**WHAT YOU NEED TO DO**
Print the records below exactly, and do not carry over any picture.

**DATASET ENTRIES**

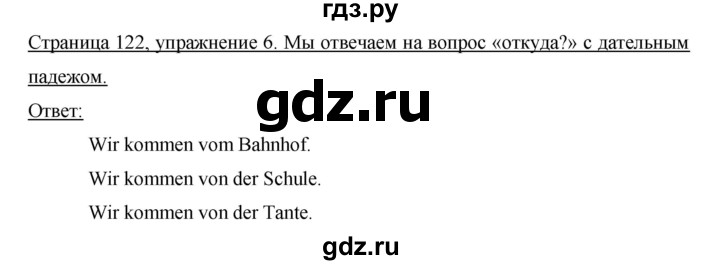 ГДЗ по немецкому языку 6 класс  Бим   часть 2. страница - 122, Решебник №1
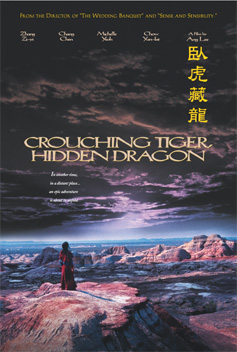 poster used for international promotion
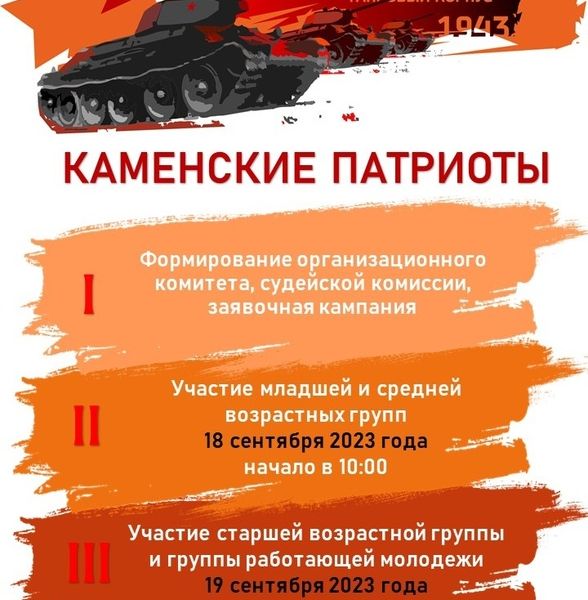 Молодых горожан приглашают принять участие в игре "Каменские патриоты"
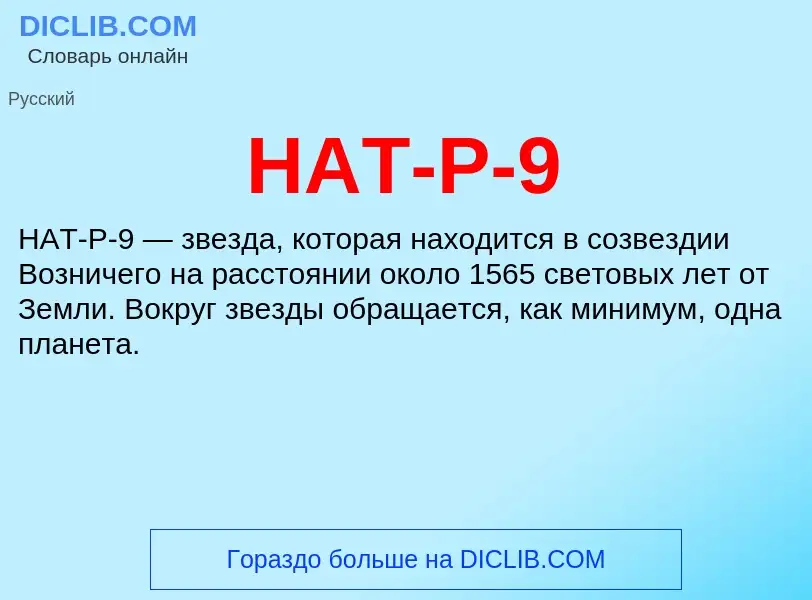 Что такое HAT-P-9 - определение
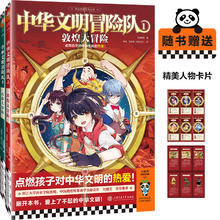 《中华文明冒险队》（敦煌大冒险+古滇大冒险 点燃孩子对中华文明的热爱！龙君晓初重磅新作！8岁+）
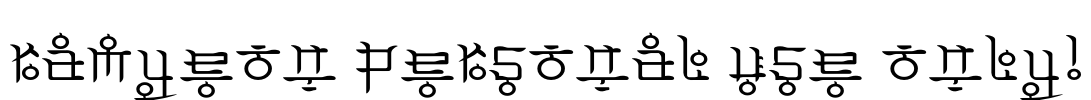 Ramyeon PERSONAL USE ONLY! Font Image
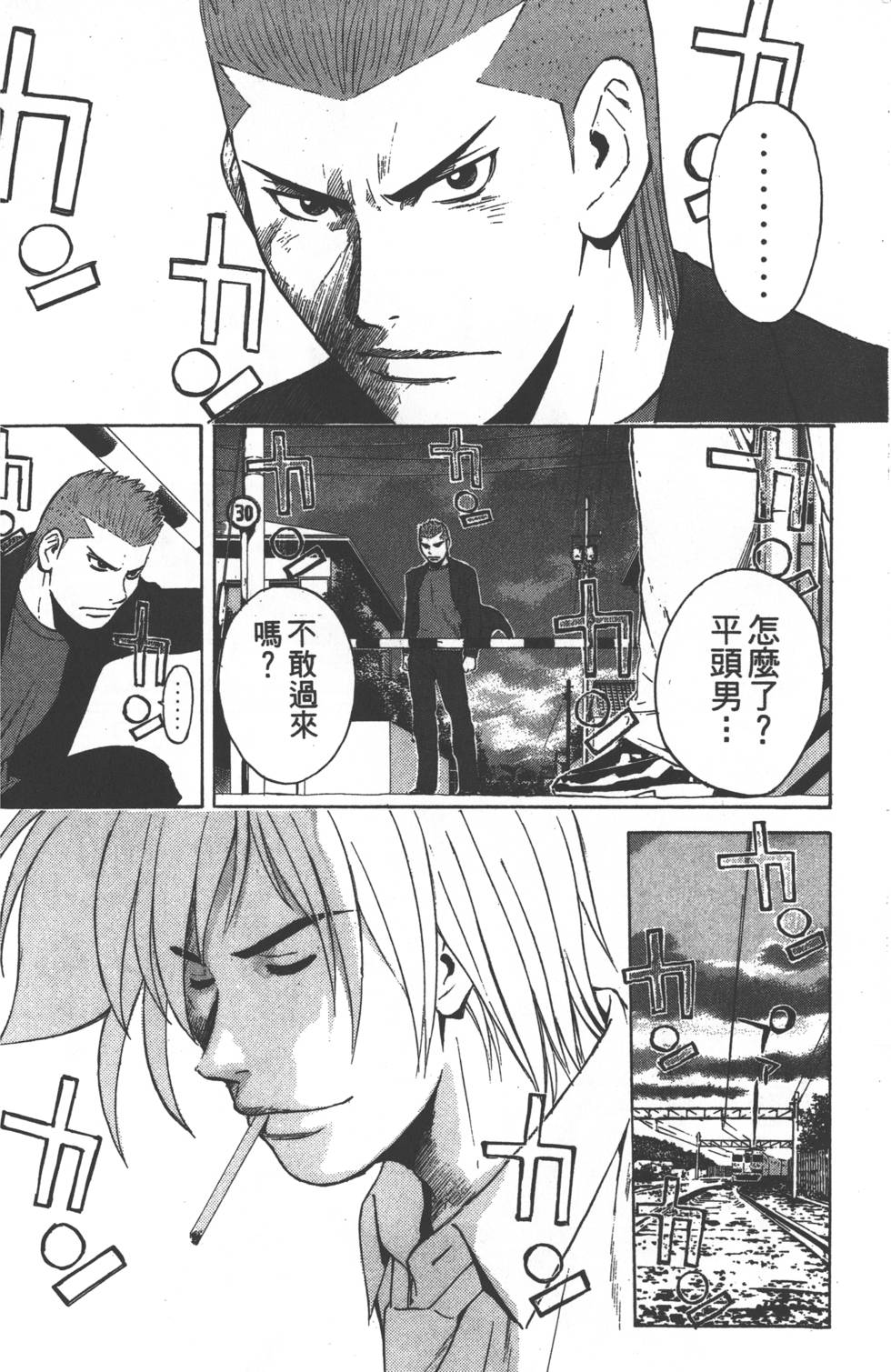 第152页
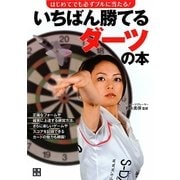 はじめてでも必ずブルに当たる!いちばん勝てるダーツの本 [単行本]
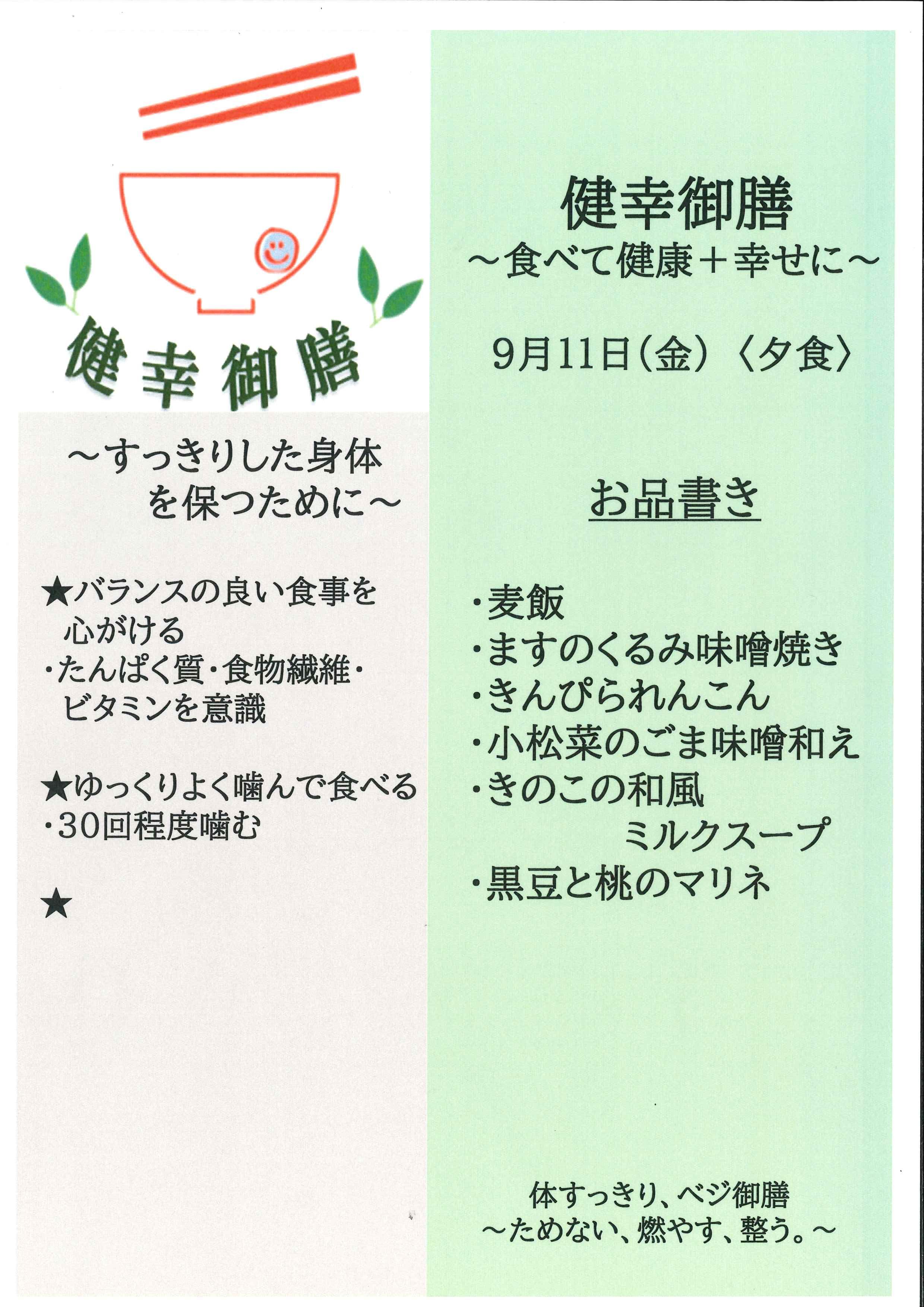1senri2609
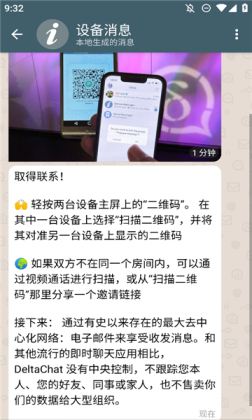 Delta Chat����������ͼ1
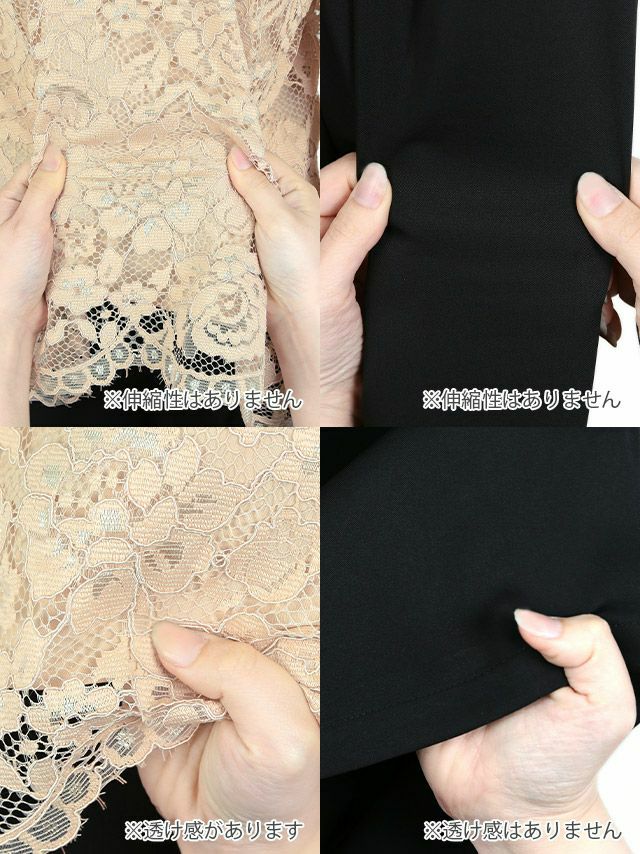 SALE] レースMIXワイドパンツセットアップパーティードレス (S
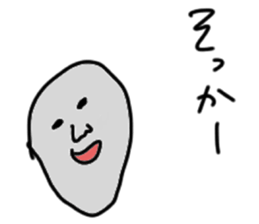 A pebble sticker #14482932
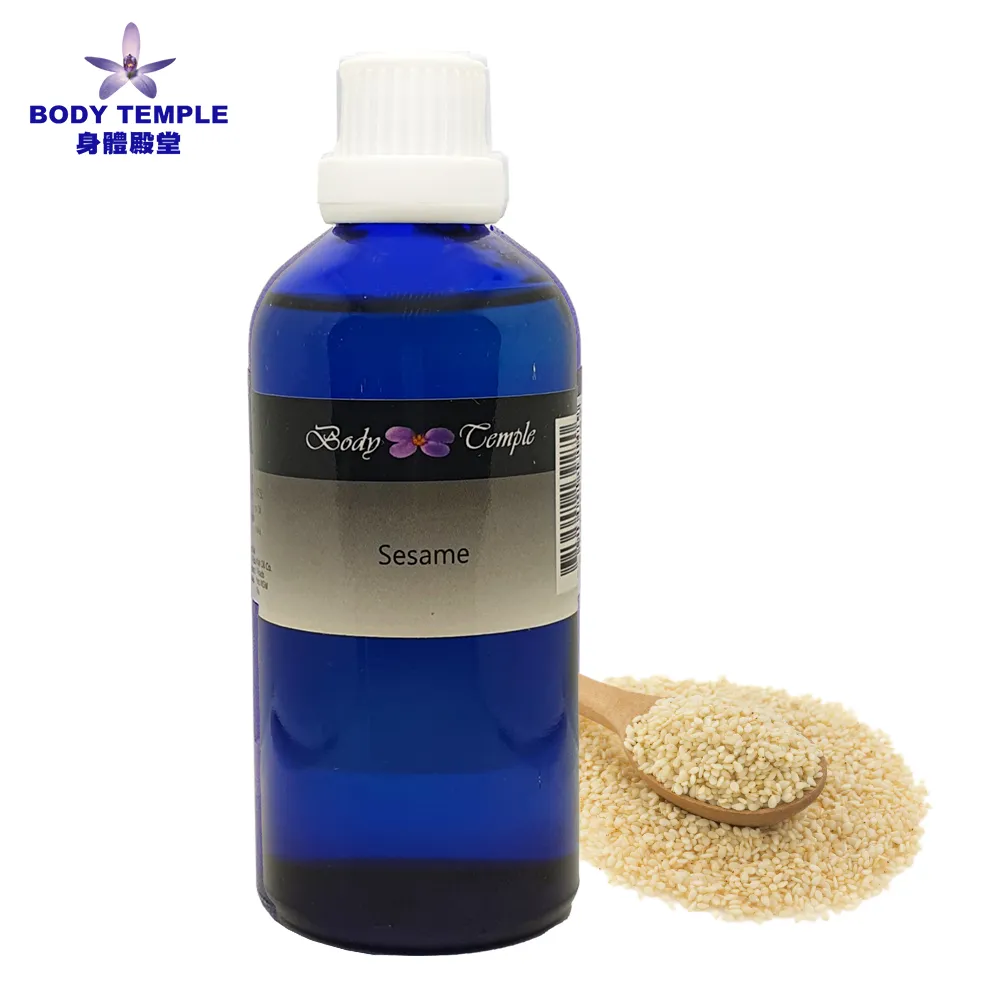 BODY TEMPLE100%山雞椒芳療精油 歷史價格詳細信息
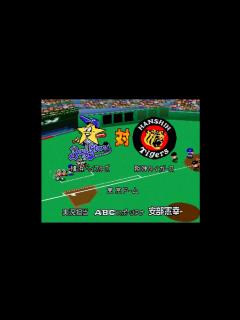 [x]【懐かしパワプロ】パワプロ99決定版 試合観戦 横浜ベイスターズ vs. 阪神タイガース【パワプロ1999】 - YouTube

**REPLY**
 ГДЗ по немецкому языку 6 класс  Бим   часть 2. страница - 122, Решебник №1
 poster used for international promotion
 Молодых горожан приглашают принять участие в игре "Каменские патриоты"
 Что такое HAT-P-9 - определение
 《中华文明冒险队》（敦煌大冒险+古滇大冒险 点燃孩子对中华文明的热爱！龙君晓初重磅新作！8岁+）
 Ramyeon PERSONAL USE ONLY! Font Image
 第152页
 はじめてでも必ずブルに当たる!いちばん勝てるダーツの本 [単行本]
1senri2609
 Delta Chat����������ͼ1
 SALE] レースMIXワイドパンツセットアップパーティードレス (S
 A pebble sticker #14482932
 BODY TEMPLE100%山雞椒芳療精油 歷史價格詳細信息
 [x]【懐かしパワプロ】パワプロ99決定版 試合観戦 横浜ベイスターズ vs. 阪神タイガース【パワプロ1999】 - YouTube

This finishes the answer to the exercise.